Andrew B. Altenburg, Jr., United States Bankruptcy Judge

I. INTRODUCTION

This matter is before the court on the motion of the City of Millville (the “City”) for summary judgment. Through its adversary proceeding complaint, the Debtor, GGI Properties, LLC (“GGI”), seeks to avoid the transfer of a parcel of real estate located in the City, after the City, pursuant to New Jersey’s tax sale laws, foreclosed on the property due to unpaid real estate taxes. GGI alleges that the transfer is avoidable as a constructively fraudulent transfer and/or as a preference and seeks recovery. The City argues that the Supreme Court’s holding in BFP v. Resolution Trust Corp., 511 U.S. 531, 114 S.Ct. 1757, 128 L.Ed.2d 556 (1994) (“BFP”), applies to preclude avoidance and/or such an avoidance would impinge on state court rights. Alternatively, if the court disagrees with those arguments, it asserts that GGI received reasonably equivalent value in exchange for the transfer.

After careful review of the submissions of the parties, the relevant case law concerning third party purchasers pursuant to a tax sale and foreclosure, and statutes, the .court determines that a transfer of property to a municipality pursuant to a tax sale and foreclosure, where there was no competitive bidding, can constitute a fraudulent conveyance under 11 U.S.C. § 548(a)(1)(B), and is not barred by the United States Supreme Court’s holding in BFP. Likewise, this court further concludes that the transfer may also constitute an avoidable preference under 11 U.S.C. § 547(b). Finally, the court finds that there is a genuine issue of material fact regarding the value of the property transferred and, if necessary, what would be an appropriate remedy, thus the summary judgment motion must be denied.

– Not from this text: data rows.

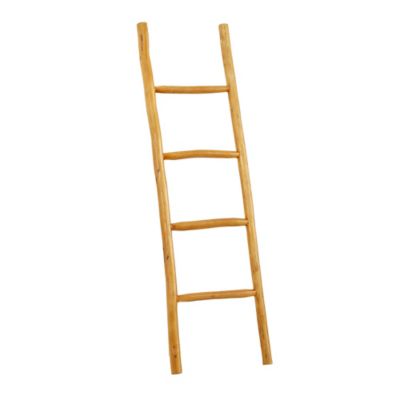 Image showing  Brown Teak Wood Handmade 4 Rack Ladder, 17 in. x 2 in. x 59 in.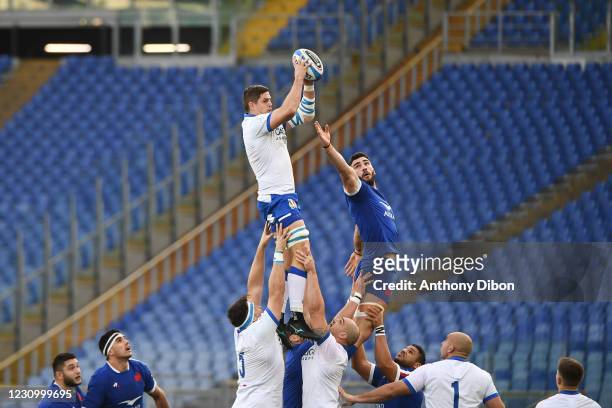 Johan MEYER of Italy and Charles OLLIVON of France during the Six Nations Tournament match between Italy and France at Olimpico stadium on February...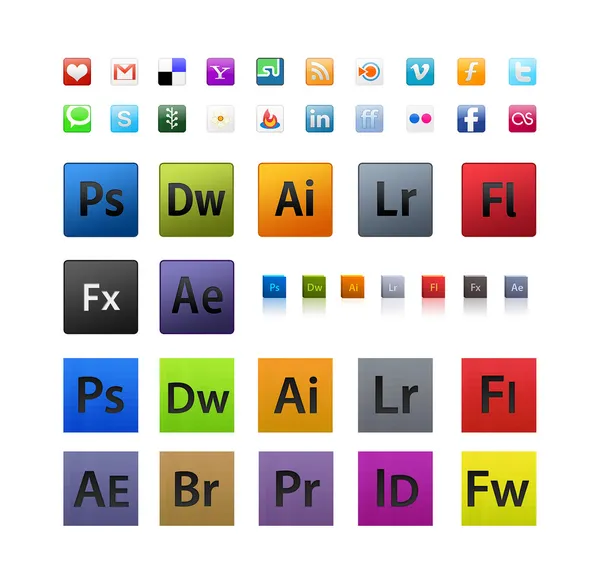 Adobe набір іконок — стокове фото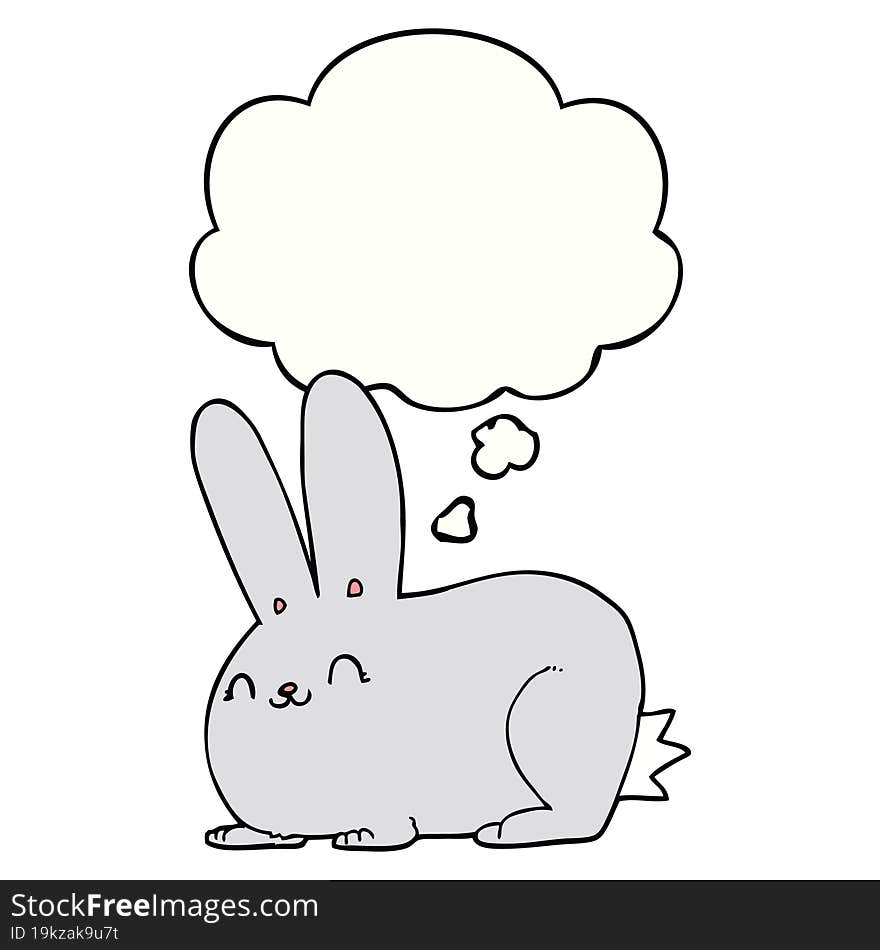 cartoon rabbit with thought bubble. cartoon rabbit with thought bubble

II. JURISDICTION AND VENUE

The court has jurisdiction over this contested matter under 28 U.S.C. §§ 1334(a) and 157(a) and the Standing Order of the United States District Court dated July 10, 1984, as amended October 17, 2013, referring all bankruptcy cases to the bankruptcy court. This matter is a core proceeding within the meaning of 28 U.S.C. § 157(b)(2)(F), (H). Venue is proper in this Court pursuant to 28 U.S.C. § 1408. The statutory predicates for the relief sought herein are 11 U.S.C. §§ 548(a)(1)(B), 547(b), and 550(a).

[236]*236III. BACKGROUND1

The property at issue is approximately 18 acres located at 200 G Street, off Route 47, a main road into the City of Millville, site of the former Wheaton Glass Works factory (the “Property”). Doc. No. 18-8, ¶ 5; Doc. No. 20, ¶ 6. GGI obtained the Property through the liquidating chapter 11 plan filed in a bankruptcy case in the Bankruptcy Court for the District of Delaware (the “Delaware Bankruptcy”) involving GGI’s predecessor in interest, The Glass Group, Inc. In the course of that case, a secured claim of the City against the Property was challenged and significantly reduced. Ultimately, the Property was deeded to GGI on September 7, 2006. Doc. No. 18-4, pp. 21-22.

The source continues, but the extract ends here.